Dia juga mengkritik kewajiban berhijab, yang memicu protes besar-besaran pro-perempuan menyusul kematian Mahsa Amini pada September 2022 saat ditahan oleh polisi Syariah Iran. “Saya berjanji untuk menghentikan apa yang terjadi pada anak perempuan dan saudara perempuan kita di jalanan,” ujarnya dalam acara kampanye di Teheran, Minggu (23/6).
Seperti Fezeshkian, tantangan terbesar kandidat konservatif Said Jalili adalah memobilisasi basis dukungan pemerintah.
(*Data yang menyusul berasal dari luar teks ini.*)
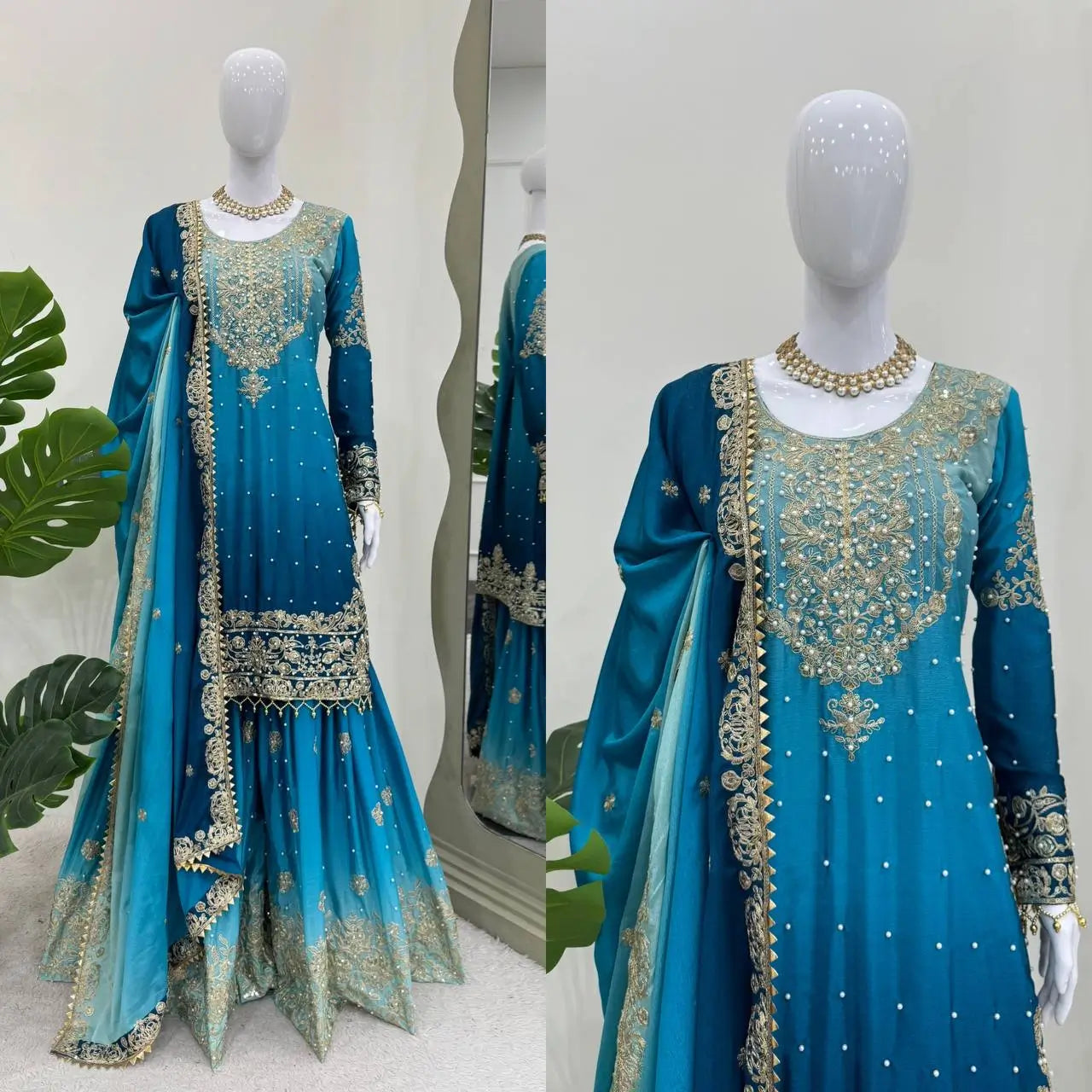 Chinon Silk Cording and Sequin Embroidered Sharara Suit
Namun, berbeda dengan para pesaingnya, Jalili menegaskan posisinya bahwa ‘tidak akan ada kompromi, tidak ada penyerahan diri’ dalam perselisihan nuklir dengan Barat.
Meskipun menjadi negosiator Iran, Jalili memveto perjanjian nuklir tahun 2015 yang melarang pengayaan uranium dalam negeri namun mengizinkan Iran mengembangkan teknologi nuklir untuk tujuan sipil. Menurutnya saat itu, Iran telah melewati ‘garis merah’ dengan mengizinkan inspeksi internasional terhadap fasilitas nuklirnya.
“Faktor ketakutan dalam kepemimpinan Jalili tidak bisa dianggap remeh,” kata Ali Baez merujuk pada partisipasi kelompok moderat.
“Banyak orang yang tidak memilih pada putaran ini mungkin akan memilih pada putaran berikutnya, bukan karena mereka mengharapkan hasil yang lebih baik, namun karena mereka takut akan situasi yang lebih buruk.”